In our preprint, we analyze the differences between cross-attention and token insertion, and show that when trained in comparable settings (e.g., the same data distribution), the performance gap between the two approaches is much smaller than anticipated, and our resulting CA models outperform prior cross-attention–based VLMs. Our evaluation spans several standard vision-language benchmarks covering tasks such as visual question answering, document understanding, OCR, and video understanding. To further highlight the benefits of CA for streaming applications, we also finetune our model for live video captioning, where CA enables almost constant memory cost and inference cost over video streams.
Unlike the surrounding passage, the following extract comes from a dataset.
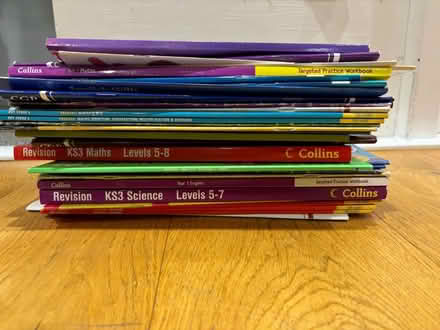 Photo of free Stack of childrens learning books (Watford WD17) #2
Example of live video captions generated with our CASA-Qwen2_5-VL-3B-LiveCC model on two videos from the Animal Kingdom dataset. Code to reproduce such examples is available in our github repository . Additional samples are available at at the bottom of this page.

Takeaways

  • CA is a competitive alternative to token insertion. When trained under comparable conditions (e.g., the same data distribution), CA-based VLMs achieve performance close to token insertion models on most benchmarks, with a remaining gap on some high-resolution tasks such as InfographicVQA.
  • CA efficiently injects visual information into LLMs. In standard CA models, image tokens are not updated through the language model’s feedforward networks, do not attend to other image or text tokens, and are not maintained in the model’s KV-cache. As a result, CA offering favorable compute and memory scaling compared to token insertion.
  • CA can be flexibly integrated into existing models. It can be used either (i) to train a vision-language model from scratch starting from a text-only LLM, or (ii) to adapt an existing insertion-based VLM into a more efficient CA-based model.
  • CA supports low-latency streaming applications. Because image tokens do not accumulate in the KV-cache, memory usage and inference cost remain nearly constant as more images are processed. This makes CA particularly well suited for streaming applications such as live video captioning.

Table of Contents

  1. Motivation
  2. Model Training and Release
  3. Quantitative Evaluation
  4. Efficiency Analysis on Live Video Captioning
  5. Qualitative Samples

Motivation

Early multimodal transformers relied on cross-attention (CA) to fuse visual and language information by injecting image features into a language model through dedicated attention layers. More recently, however, most vision–language models have adopted token insertion, where image tokens are directly interleaved with text tokens in the language model stream, and are updated alongside the text token e.g. through the FFN layers. Empirically, token insertion models has often been reported to largely outperform cross-attention models. This raises a natural question: Is this gap intrinsic to the fusion mechanism, or does it arise from differences in training setups and architectural choices?

To answer this question, we analyze the structural differences between cross-attention and token insertion, to progressively bridge the gap between the two designs. Our experiments show that, when trained under identical conditions at the 2B–3B scale, the performance gap between the two fusion mechanisms is substantially smaller than suggested by prior comparisons. Nevertheless, a gap remains on specific tasks such as document and infographic understanding, showing the additional cost of token insertion is justified in some applications.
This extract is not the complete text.